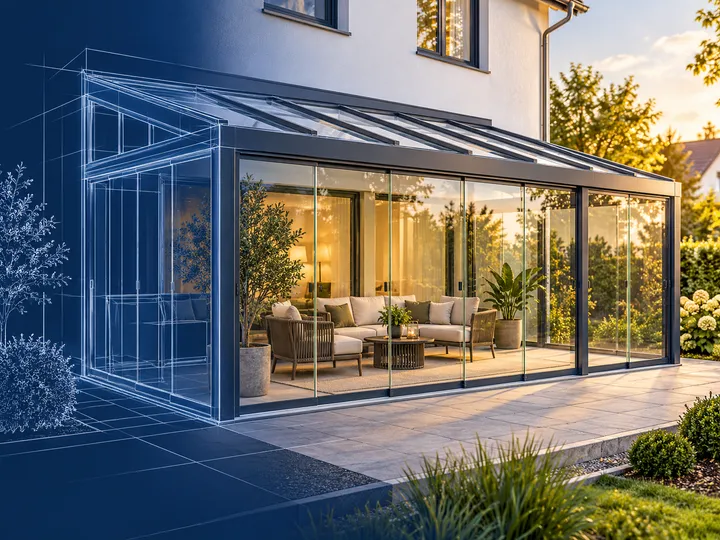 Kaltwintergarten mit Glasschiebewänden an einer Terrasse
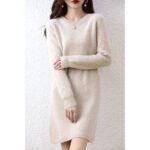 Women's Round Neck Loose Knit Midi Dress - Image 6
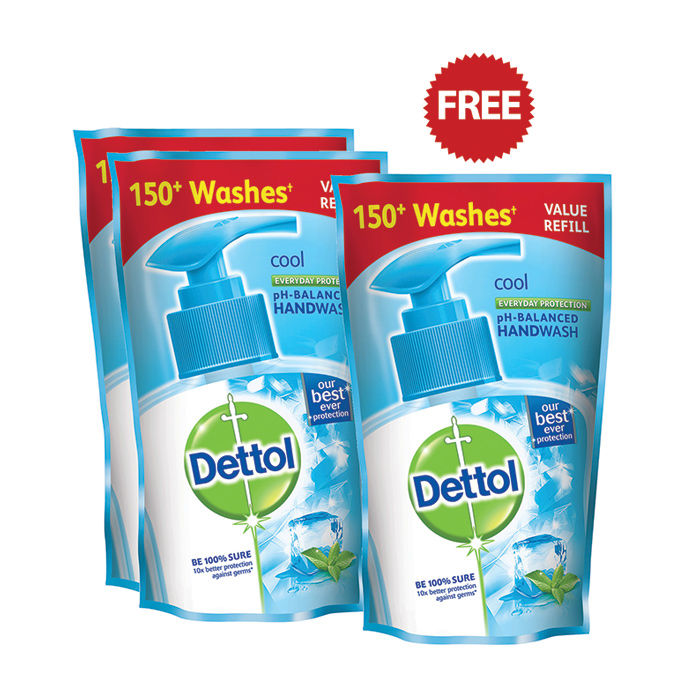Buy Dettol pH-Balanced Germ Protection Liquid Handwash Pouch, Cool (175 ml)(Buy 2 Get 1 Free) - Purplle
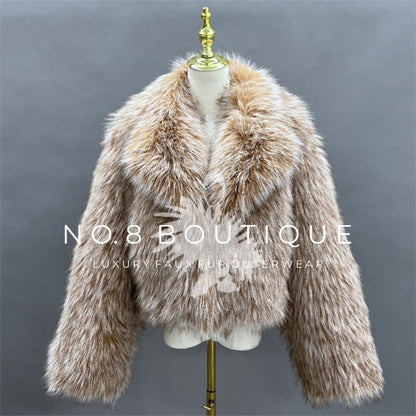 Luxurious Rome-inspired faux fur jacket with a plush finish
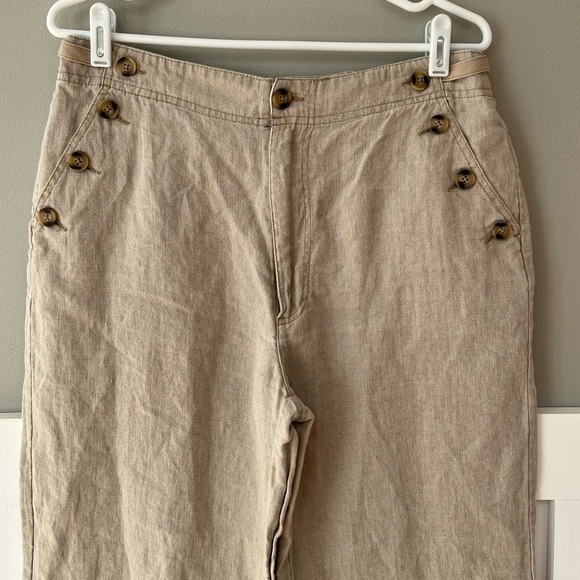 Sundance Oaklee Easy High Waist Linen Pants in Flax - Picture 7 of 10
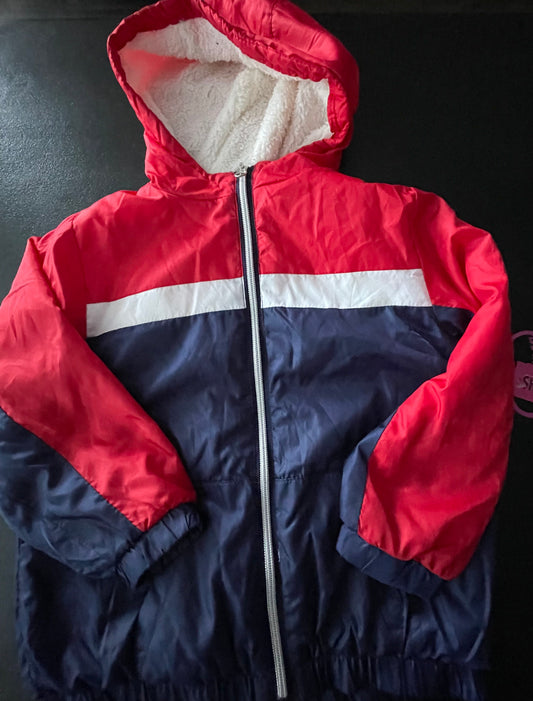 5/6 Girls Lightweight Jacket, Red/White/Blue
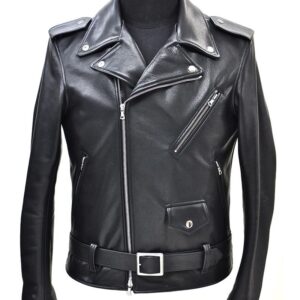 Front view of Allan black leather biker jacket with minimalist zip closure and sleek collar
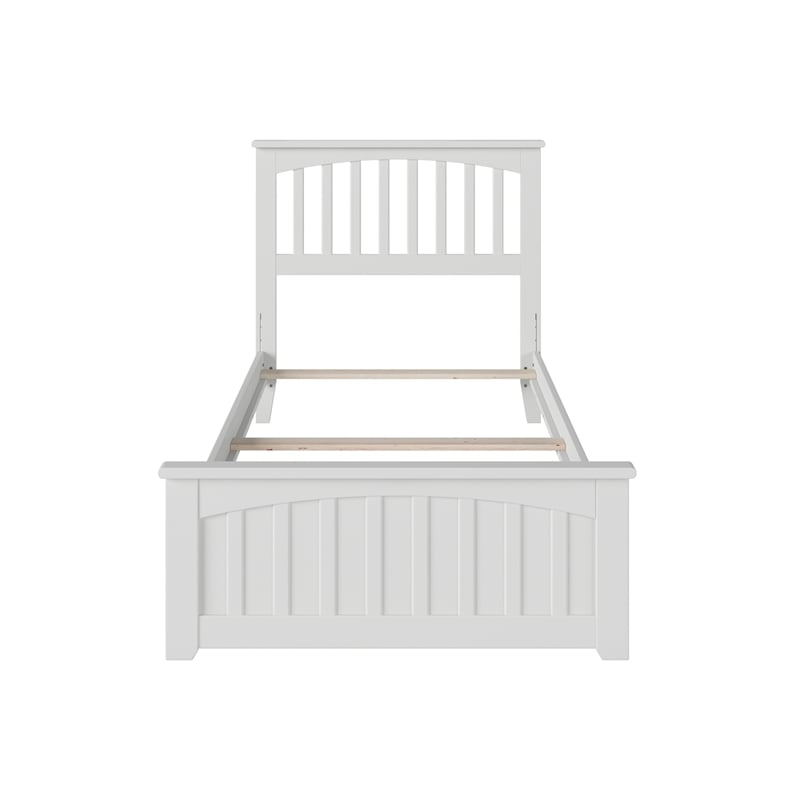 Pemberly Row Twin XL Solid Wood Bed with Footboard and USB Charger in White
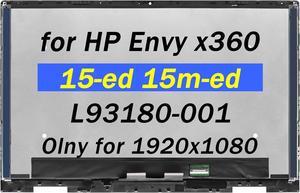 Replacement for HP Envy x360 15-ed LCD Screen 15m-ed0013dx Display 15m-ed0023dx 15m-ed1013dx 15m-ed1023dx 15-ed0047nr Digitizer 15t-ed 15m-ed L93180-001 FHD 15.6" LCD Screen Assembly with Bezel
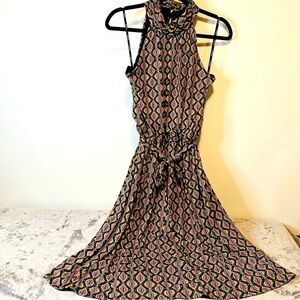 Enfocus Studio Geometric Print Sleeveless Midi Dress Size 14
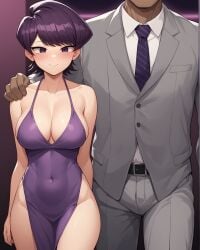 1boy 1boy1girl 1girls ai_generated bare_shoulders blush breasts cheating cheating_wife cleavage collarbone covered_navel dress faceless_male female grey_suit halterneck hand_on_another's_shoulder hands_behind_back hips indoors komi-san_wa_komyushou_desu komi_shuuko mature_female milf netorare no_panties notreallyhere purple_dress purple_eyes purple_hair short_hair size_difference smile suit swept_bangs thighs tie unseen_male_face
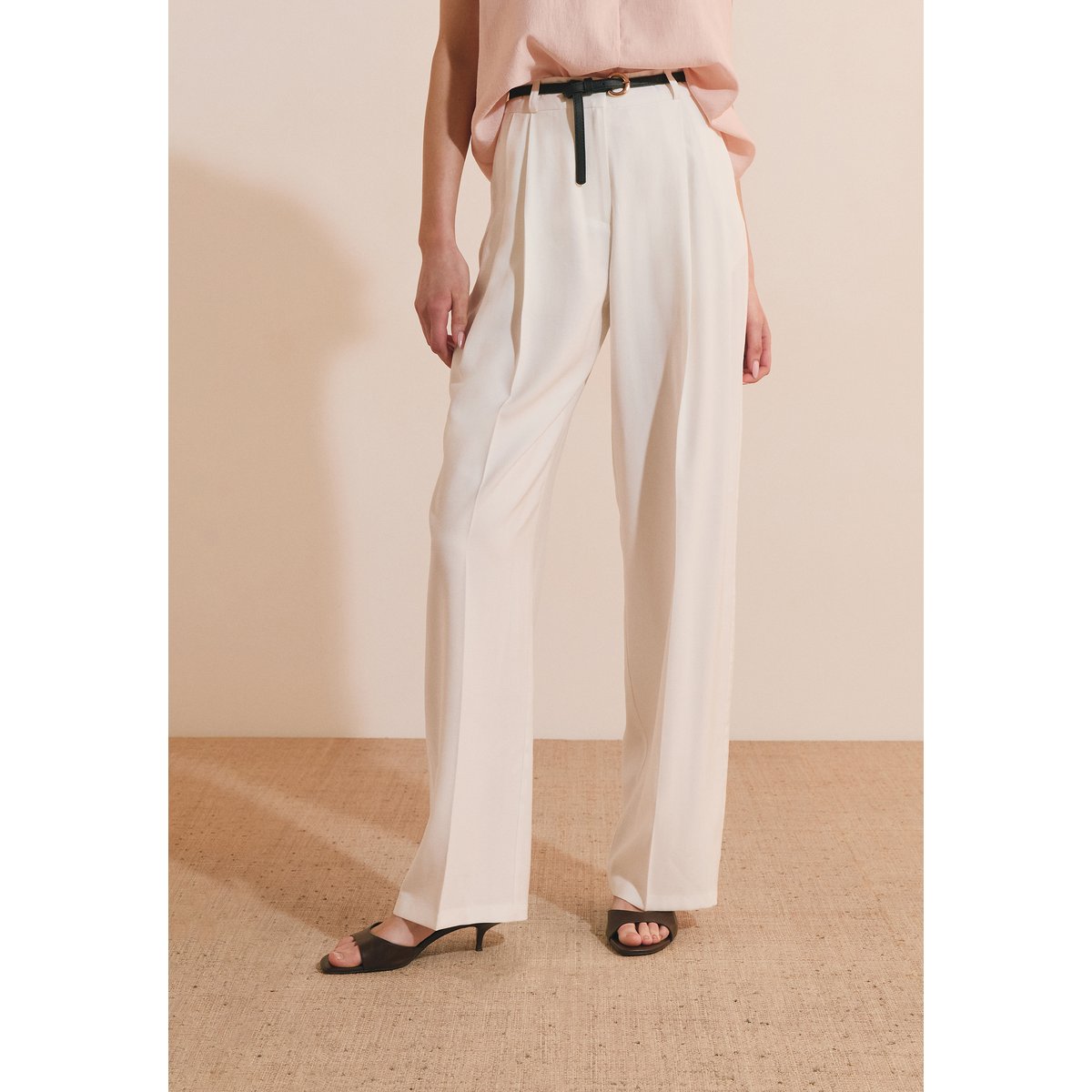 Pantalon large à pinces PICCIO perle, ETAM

WHAT YOU SHOULD DO →
Could you return, word for word, every line from the line with "Buy Dettol pH-Balanced" through the last line of the listing above, both ends included, without any pictures?

ANSWER SECTION →
Buy Dettol pH-Balanced Germ Protection Liquid Handwash Pouch, Cool (175 ml)(Buy 2 Get 1 Free) - Purplle
 Luxurious Rome-inspired faux fur jacket with a plush finish
 Sundance Oaklee Easy High Waist Linen Pants in Flax - Picture 7 of 10
 5/6 Girls Lightweight Jacket, Red/White/Blue
 Front view of Allan black leather biker jacket with minimalist zip closure and sleek collar
 Pemberly Row Twin XL Solid Wood Bed with Footboard and USB Charger in White
 Replacement for HP Envy x360 15-ed LCD Screen 15m-ed0013dx Display 15m-ed0023dx 15m-ed1013dx 15m-ed1023dx 15-ed0047nr Digitizer 15t-ed 15m-ed L93180-001 FHD 15.6" LCD Screen Assembly with Bezel
 Enfocus Studio Geometric Print Sleeveless Midi Dress Size 14
 1boy 1boy1girl 1girls ai_generated bare_shoulders blush breasts cheating cheating_wife cleavage collarbone covered_navel dress faceless_male female grey_suit halterneck hand_on_another's_shoulder hands_behind_back hips indoors komi-san_wa_komyushou_desu komi_shuuko mature_female milf netorare no_panties notreallyhere purple_dress purple_eyes purple_hair short_hair size_difference smile suit swept_bangs thighs tie unseen_male_face
 Pantalon large à pinces PICCIO perle, ETAM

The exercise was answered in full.